Table of contents:
- History of the breed
- Savannah appearance
- Savannah breeding
- Savannah health
- 20 nicknames for savannah
Video: Savannah (cat)
The Savannah cat is one of the most expensive cat breeds in the world. This hybrid of a domestic Bengal cat and an African Serval appeared in the 1980s. Savannah has a relatively high intelligence and is easy to learn. There are three factors that influence the character and behavior of the savannah: ancestry, generation and socialization. F5-F7 cats (fifth-seventh generation) are very friendly, easily get used to both the company of people and other domestic animals. The character of the F1-F3 savannas (first-third generation) is more wild and independent; without proper socialization, such cats can be wild and shy. We can say that the savannah is not a cat for everyone, and even more so, it cannot be acquired as the first cat.
Weight: first generations (F1 and F2) - 7-10 kg, last generations - 2.3-6.8 kg.

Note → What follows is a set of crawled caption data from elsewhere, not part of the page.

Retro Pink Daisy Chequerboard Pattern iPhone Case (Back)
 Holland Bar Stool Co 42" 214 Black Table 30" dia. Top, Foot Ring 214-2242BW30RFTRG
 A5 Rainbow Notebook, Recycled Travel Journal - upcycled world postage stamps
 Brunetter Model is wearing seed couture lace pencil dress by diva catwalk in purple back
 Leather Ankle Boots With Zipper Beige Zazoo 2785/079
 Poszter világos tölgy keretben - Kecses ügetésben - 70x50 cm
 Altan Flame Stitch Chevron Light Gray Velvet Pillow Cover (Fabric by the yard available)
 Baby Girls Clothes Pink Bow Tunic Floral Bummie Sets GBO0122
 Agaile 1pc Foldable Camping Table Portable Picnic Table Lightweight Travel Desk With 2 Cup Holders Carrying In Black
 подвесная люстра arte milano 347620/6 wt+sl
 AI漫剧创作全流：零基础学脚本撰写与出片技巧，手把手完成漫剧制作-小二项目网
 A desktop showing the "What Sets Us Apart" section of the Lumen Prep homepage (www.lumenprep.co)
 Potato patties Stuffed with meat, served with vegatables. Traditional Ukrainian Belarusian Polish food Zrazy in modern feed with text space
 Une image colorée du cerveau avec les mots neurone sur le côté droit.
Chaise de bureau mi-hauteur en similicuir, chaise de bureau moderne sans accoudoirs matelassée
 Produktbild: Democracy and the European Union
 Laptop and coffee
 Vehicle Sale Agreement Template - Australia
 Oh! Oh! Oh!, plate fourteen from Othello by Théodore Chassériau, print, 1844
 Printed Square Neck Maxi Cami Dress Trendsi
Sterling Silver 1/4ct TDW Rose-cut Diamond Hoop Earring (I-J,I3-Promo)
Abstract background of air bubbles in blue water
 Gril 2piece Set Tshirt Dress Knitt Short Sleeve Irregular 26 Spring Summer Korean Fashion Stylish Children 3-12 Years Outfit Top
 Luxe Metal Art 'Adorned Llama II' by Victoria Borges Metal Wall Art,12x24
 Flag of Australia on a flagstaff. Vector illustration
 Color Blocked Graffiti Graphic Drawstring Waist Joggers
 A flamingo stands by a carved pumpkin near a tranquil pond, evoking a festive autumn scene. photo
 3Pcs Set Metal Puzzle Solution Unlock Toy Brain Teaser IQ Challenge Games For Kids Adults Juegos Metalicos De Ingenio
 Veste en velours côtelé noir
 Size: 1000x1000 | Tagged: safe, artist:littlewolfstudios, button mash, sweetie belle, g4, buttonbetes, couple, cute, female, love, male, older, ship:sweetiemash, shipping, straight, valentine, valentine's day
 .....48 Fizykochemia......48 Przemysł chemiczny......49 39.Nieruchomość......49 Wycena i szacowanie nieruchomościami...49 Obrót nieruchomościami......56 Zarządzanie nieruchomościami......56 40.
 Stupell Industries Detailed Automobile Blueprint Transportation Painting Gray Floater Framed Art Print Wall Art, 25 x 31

Height at withers: 35-60 cm.
Length: up to 120 cm.
Life expectancy: 15-17 years.
Cost (price) of a kitten: the price depends on the generation and color, for example, a Savannah F1 kitten costs $ 15000-30000; F2 - $ 8000-12000; F3 is around $ 5000, F4 is $ 4000, F5 and F6 are between $ 1000-3000.
Country of origin: USA.
Breed diseases: all males up to 4 knees are infertile, no hereditary diseases have been identified.
The breed is recognized by felinological organizations: TICA, CFA.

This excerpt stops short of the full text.